1. 1. 1. Approved Anti-virus software MUST be made readily available for all employees and the IT department personnel MUST exclusively correctly install and configure it on all supported endpoints and servers across all the (organization)’s IT systems.
      2. Anti-virus software updates MUST be deployed across the network automatically following their receipt from the vendor and it must be configured to check for these updates every 60 minutes daily.
      3. Virus and malware signature updates MUST be deployed across the network automatically following their receipt from the vendor and it must be configured to check for signature updates every 10 minutes daily. All the endpoints must be configured with the secondary anti-virus update server so if a device is not checked in on the corporate network then updates will be installed from the secondary server.
      4. Anti-virus software MUST be configured for real time scanning and regular scheduled scans.
      5. On-access scanning MUST be configured within Anti-virus software for removable media and websites.

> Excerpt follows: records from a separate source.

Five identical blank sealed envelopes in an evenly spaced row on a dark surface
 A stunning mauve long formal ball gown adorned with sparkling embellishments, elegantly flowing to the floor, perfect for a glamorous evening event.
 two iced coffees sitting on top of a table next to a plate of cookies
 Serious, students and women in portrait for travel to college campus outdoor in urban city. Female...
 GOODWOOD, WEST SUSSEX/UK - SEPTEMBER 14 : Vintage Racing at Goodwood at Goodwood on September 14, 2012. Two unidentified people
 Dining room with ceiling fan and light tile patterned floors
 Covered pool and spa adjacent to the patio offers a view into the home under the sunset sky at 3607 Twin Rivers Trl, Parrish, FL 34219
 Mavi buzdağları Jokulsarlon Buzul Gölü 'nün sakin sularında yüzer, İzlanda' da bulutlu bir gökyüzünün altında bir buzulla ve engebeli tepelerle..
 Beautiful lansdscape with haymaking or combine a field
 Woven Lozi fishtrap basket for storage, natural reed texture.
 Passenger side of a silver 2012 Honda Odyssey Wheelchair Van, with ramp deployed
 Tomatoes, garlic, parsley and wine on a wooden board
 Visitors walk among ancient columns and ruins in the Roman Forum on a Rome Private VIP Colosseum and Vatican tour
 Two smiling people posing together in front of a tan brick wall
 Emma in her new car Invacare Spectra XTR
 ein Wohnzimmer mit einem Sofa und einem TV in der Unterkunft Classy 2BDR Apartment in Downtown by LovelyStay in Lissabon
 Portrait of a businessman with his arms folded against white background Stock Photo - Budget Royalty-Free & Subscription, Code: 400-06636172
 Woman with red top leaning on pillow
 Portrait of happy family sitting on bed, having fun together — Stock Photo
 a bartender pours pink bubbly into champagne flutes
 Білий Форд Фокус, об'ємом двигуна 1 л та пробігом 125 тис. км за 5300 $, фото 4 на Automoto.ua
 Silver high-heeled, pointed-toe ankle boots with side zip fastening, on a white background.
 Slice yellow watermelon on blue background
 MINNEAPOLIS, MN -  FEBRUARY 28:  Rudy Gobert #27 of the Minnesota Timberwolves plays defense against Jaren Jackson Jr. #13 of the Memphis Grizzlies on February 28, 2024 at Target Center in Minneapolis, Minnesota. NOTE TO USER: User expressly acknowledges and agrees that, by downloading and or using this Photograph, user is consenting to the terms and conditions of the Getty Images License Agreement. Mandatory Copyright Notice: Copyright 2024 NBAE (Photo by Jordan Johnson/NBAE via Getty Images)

      6. Anti-virus server MUST be monitored on a daily basis by a nominated staff within IT department’s team for virus alerts and any issues which cannot be resolved remotely via centralized management console must be escalated to the IT Service Desk where an incident will be raised, and a technician assigned to immediately investigate.
      7. In the event of a virus infection which infects multiple devices (more than 3 devices) at the same time. A root cause analysis report should be completed by the technician for (organization) Cyber Security Senior Staff.
      8. Semiannual Anti-Virus compliance reports MUST be provided to (organization) Cyber Security Senior Staff, Branch Manager (if any) and IT Strategy & Planning Team by a preset date.
      9. Tamper protection MUST be enabled to prevent end users or malware altering the anti-virus software’s configuration or disabling the protection.
      10. If a user suspects the system may be infected and inform the IT service desk, The IT Team will:

• • • • Check the infected PC and any media.
      • Rebuild the PC if the infection is severe (e.g. Dridex, Ransomware).
      • Check any servers that may have been accessed from the infected system.
      • Attempt to determine the source of the infection.
      • Ensure the incident is logged.